The announcement for the collaborative initiative indicates that the open source community may have been shut out of opportunities to engage with those creating the standards. It identifies several related challenges:

• Traditional standards organizations have had limited interactions with open source communities and the broader software/IT industry. To make matters more complicated, their governance models currently do not provide opportunities for open source communities to engage.
• Open source communities have a limited history of dealing with traditional standards organizations. To make matters more complicated, their resource constraints make it difficult for them to engage.
• Standards setting is typically a long process, and time is of the essence.

Several people commented on Phipps’ theory, noting how similar this new initiative sounds to SLSA (Supply-chain Levels for Software Artifacts), a security framework that includes a checklist of standards and controls to prevent tampering, improve integrity, and secure packages and infrastructure.

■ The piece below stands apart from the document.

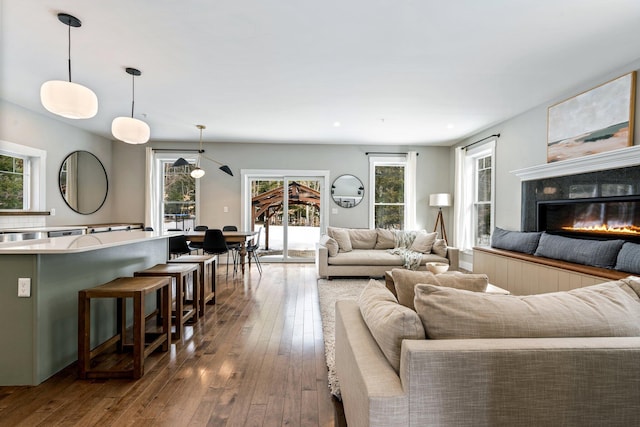 living room with a healthy amount of sunlight, a glass covered fireplace, and dark wood finished floors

Tidelift co-founder Luis Villa noted that SLSA is a more general security framework, whereas the new initiative is aimed at regulatory compliance:

SLSA was designed from a blank-ish slate (“what would good secure software look like”); this will presumably be designed to meet the specific requirements of the CRA, which have similar goals in theory but probably will end up very different in practice.

(One could also note that SLSA has had ~ zero uptake in practice, because it was designed internally to Google and so is impracticable for most open source projects to implement; one hopes that this will be better.)

One of the other challenges for the new initiative is the necessity for developing cybersecurity standards that can also include requirements for proprietary software and various sizes of organizations from small businesses to large enterprises.

The announcement emphasizes that the reality of modern software development is deeply dependent on open source code:

Today’s global software infrastructure is over 80% open source. The software stack that underpins any product with digital elements is typically built using open source software. As a result, it is fair to say that when we discuss the “software supply chain,” we are primarily, but not exclusively, referring to open source.

The foundations involved in the initiative are aiming to produce specifications that can inform the formal standardization processes of at least one of the European Standards organizations. Code-hosting open source foundations, SMEs, industry players, and researchers are invited to join the collaboration. The organizers anticipate publishing additional details in the next couple months.